This story comes from the staff of The Daily Climate
Michael Mann, an influential climatologist who has spent years in the center of the debate over climate science, has sued two organizations that have accused him of academic fraud and of improperly manipulating data.
Mann, director of Pennsylvania State University’s Earth System Science Center, on Monday sued the National Review and the Competitive Enterprise Institute, along with CEI analyst Rand Simberg and National Review reporter Mark Steyn.
The lawsuit, Mann’s lawyer said in a statement, was based upon their “false and defamatory statements” accusing him of academic fraud and comparing him to a convicted child molester, former Penn State assistant football coach Jerry Sandusky.
Neither Mann nor his lawyer, John B. Williams of the Washington, D.C.-based law firm Cozen O’Connor, were available for comment Tuesday afternoon.
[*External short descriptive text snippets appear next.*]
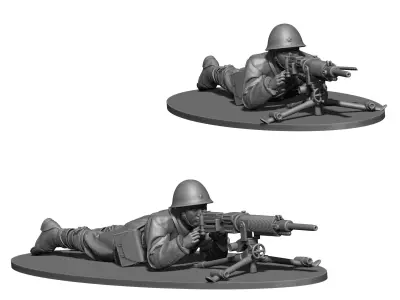 Japan soldier ww2 3D print model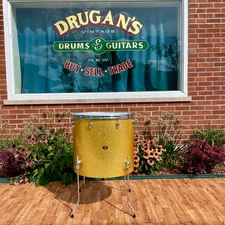 1960s Slingerland 18x20 Concert Floor Tom Gold Sparkle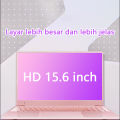 AST laptop baru pink Intel N5095 15.6 inch Ram 20G+512GB SSD IPS win11+office+bouns.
But on Facebook, where news of the lawsuit was initially posted Tuesday, Mann said the lawsuit was part of “a battle” to assist climate scientists in the fight against those who attack their work.
“There is a larger context for this latest development,” he wrote, “namely the onslaught of dishonest and libelous attacks that climate scientists have endured for years by dishonest front groups seeking to discredit the case for concern over climate change.”
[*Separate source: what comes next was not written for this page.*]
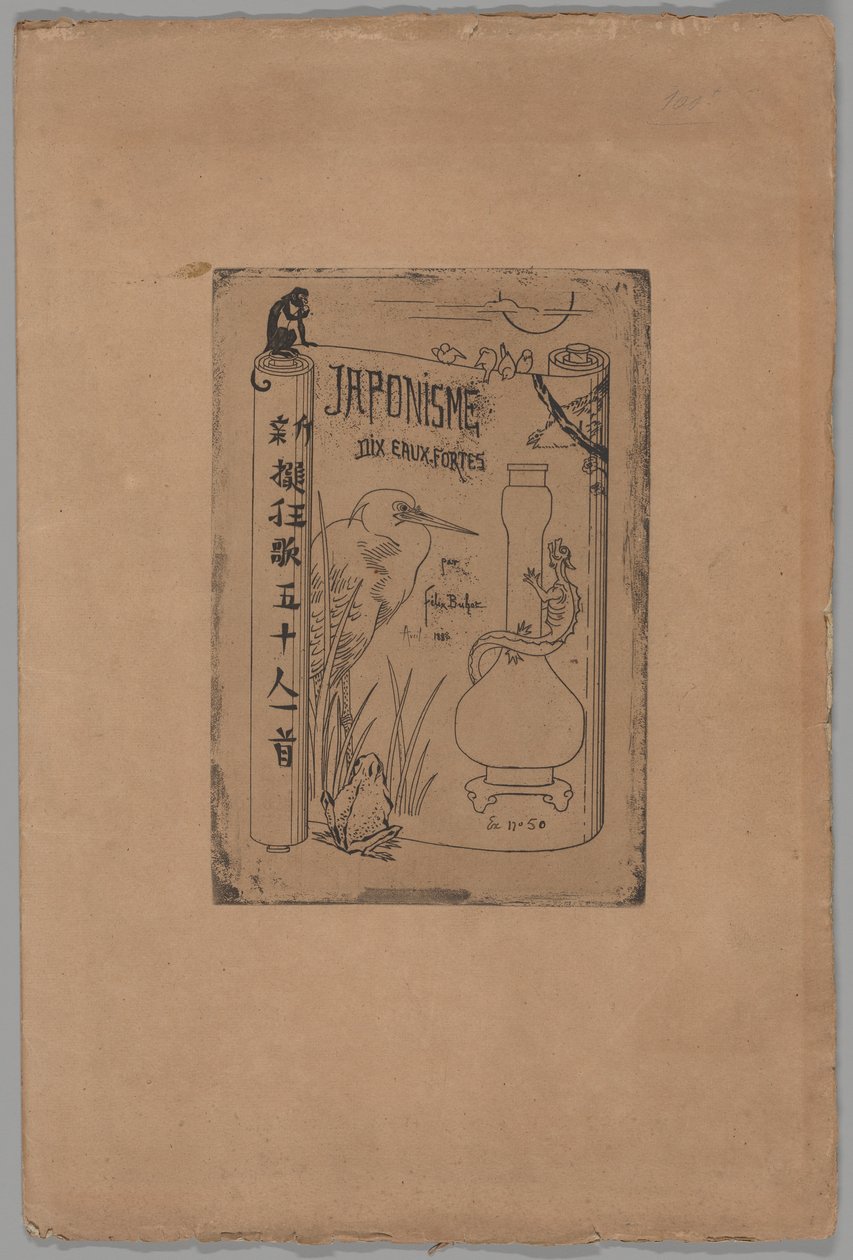 Copertina di Japonisme da Felix Hilaire Buhot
But he faces a high bar: Mann has played a key role in climate science for decades, and the law generally requires a much higher burden of proof from public figures, said CEI general counsel Sam Kazman.
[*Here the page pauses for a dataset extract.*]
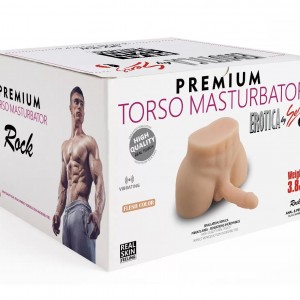                        Premium Torso Masturbator Rock - Anal Girişli 17 CM Yapay Penisli Erkek Realistik Yarım Vücut Manken
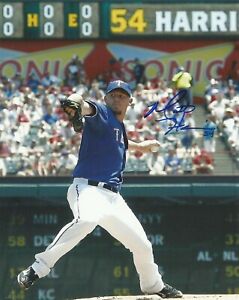 Matt Harrison 2010 2011 Texas Rangers 2012 All-Star Autographed 8x10 Photo COA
“I don’t think he’s got a shot at reaching it,” Kazman said in an interview. “Our stuff may have been debatable, but it was solidly based and we had a perfect right to say what we did.”
“We plan to defend the suit vigorously but we think it is a totally unfounded lawsuit.”
In 1999 Mann published a timeline of global temperatures stretching back almost 1,000 years. The graph showed a fairly stable trend until 1900, when temperatures spiked sharply upward. That so-called “hockey stick” diagram became a lightning rod in the debate on whether humans were influencing the climate.